# Work request:
The listing below holds a line with "Carved solid walnut" and a later line with "Mini Initial Letter". Write out those two lines and every line between them, exactly, and nothing else.

┏━━

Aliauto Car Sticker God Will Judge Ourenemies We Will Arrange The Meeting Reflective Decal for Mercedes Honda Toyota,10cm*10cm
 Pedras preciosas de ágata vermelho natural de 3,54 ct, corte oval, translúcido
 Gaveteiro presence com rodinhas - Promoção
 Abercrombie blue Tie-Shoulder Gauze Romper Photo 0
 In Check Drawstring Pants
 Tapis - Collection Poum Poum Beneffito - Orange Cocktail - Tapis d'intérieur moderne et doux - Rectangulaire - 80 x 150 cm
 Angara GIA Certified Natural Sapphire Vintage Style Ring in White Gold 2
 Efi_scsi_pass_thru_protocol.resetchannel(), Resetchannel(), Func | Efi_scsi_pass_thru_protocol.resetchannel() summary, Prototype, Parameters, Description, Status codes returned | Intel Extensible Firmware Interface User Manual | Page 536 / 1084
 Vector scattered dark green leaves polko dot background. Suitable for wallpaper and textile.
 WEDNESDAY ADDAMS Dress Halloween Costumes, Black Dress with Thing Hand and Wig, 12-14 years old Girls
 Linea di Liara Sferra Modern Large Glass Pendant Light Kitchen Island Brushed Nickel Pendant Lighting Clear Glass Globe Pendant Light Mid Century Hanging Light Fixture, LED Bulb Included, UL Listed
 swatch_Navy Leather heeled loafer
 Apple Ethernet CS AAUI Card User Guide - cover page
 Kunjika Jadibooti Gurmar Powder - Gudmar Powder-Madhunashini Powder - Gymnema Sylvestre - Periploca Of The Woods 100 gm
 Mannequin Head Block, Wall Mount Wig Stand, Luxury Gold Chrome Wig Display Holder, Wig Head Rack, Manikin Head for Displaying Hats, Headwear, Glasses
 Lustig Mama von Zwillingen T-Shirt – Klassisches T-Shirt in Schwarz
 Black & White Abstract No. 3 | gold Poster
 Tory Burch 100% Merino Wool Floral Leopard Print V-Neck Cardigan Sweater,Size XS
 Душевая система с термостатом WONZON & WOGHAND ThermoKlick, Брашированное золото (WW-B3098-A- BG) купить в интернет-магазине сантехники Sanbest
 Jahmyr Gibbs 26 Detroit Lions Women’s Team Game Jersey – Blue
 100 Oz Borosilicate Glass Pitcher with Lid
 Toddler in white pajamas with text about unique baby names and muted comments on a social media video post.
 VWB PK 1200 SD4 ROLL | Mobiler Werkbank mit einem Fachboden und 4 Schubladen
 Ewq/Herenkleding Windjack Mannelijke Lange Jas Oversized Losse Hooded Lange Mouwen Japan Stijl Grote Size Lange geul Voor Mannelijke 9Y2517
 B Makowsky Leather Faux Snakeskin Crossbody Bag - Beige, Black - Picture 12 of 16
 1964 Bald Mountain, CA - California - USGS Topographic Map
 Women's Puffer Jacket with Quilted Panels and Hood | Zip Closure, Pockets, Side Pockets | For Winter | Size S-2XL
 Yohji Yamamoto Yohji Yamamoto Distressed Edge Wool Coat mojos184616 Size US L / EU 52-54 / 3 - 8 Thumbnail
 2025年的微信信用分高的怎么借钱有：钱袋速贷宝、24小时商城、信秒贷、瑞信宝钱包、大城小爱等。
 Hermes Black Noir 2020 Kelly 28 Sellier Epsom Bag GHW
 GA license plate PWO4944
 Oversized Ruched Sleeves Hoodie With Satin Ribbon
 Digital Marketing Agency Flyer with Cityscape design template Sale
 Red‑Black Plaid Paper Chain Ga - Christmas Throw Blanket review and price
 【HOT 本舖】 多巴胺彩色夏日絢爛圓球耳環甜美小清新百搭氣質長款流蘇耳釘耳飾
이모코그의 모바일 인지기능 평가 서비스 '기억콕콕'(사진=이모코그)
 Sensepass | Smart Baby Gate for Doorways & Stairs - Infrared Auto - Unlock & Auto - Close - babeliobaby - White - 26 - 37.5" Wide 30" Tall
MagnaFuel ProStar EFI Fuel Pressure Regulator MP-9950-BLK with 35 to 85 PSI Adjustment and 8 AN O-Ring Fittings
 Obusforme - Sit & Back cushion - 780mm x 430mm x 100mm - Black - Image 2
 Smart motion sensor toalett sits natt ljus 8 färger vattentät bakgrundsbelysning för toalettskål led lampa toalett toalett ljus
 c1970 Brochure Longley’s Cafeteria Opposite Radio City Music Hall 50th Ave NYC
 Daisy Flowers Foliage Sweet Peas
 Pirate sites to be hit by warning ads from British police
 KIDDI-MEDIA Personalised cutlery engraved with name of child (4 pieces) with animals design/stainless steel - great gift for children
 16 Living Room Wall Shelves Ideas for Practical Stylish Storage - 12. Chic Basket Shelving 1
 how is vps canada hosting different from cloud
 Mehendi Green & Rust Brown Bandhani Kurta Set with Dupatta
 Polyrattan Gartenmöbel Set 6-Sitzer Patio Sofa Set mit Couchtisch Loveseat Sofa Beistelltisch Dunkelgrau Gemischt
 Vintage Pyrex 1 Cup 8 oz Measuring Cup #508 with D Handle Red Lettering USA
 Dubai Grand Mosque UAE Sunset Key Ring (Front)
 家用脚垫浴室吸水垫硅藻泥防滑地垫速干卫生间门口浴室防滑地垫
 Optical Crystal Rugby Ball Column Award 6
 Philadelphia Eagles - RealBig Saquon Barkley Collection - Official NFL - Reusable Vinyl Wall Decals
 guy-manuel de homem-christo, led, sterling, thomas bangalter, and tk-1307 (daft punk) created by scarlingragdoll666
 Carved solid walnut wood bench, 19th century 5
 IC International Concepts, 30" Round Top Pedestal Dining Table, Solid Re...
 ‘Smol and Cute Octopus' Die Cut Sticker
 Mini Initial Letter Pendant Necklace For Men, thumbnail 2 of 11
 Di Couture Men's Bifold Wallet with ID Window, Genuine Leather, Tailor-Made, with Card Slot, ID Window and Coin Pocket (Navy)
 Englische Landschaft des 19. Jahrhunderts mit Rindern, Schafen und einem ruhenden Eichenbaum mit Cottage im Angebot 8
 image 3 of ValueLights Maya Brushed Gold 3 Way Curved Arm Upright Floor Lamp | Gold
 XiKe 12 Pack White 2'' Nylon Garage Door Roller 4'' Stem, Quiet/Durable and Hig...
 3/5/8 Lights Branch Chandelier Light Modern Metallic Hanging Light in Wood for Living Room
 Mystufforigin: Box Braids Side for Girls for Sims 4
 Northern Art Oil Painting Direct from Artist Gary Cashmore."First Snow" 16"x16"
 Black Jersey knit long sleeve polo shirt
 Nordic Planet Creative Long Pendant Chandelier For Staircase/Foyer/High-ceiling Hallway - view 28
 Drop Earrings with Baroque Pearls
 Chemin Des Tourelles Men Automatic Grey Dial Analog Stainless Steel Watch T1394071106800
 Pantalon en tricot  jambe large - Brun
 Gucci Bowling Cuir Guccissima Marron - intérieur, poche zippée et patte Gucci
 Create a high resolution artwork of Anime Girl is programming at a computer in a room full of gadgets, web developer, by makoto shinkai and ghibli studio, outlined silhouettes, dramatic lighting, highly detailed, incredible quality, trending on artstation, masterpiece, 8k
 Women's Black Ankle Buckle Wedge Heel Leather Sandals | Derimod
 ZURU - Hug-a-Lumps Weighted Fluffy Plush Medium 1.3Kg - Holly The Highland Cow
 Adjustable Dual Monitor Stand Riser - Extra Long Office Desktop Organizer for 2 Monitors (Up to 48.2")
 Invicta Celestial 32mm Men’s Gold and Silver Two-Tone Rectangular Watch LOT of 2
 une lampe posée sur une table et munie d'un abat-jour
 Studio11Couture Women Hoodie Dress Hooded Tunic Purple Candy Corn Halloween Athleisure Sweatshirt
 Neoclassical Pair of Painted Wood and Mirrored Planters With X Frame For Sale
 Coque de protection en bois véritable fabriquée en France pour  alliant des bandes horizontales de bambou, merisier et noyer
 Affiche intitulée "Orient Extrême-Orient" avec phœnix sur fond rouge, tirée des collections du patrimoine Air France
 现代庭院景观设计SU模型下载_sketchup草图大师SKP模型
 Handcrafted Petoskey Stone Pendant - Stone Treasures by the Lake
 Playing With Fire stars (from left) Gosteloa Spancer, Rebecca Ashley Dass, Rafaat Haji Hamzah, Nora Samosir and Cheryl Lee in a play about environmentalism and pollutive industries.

┗━━

# Exercise result:
 Carved solid walnut wood bench, 19th century 5
 IC International Concepts, 30" Round Top Pedestal Dining Table, Solid Re...
 ‘Smol and Cute Octopus' Die Cut Sticker
 Mini Initial Letter Pendant Necklace For Men, thumbnail 2 of 11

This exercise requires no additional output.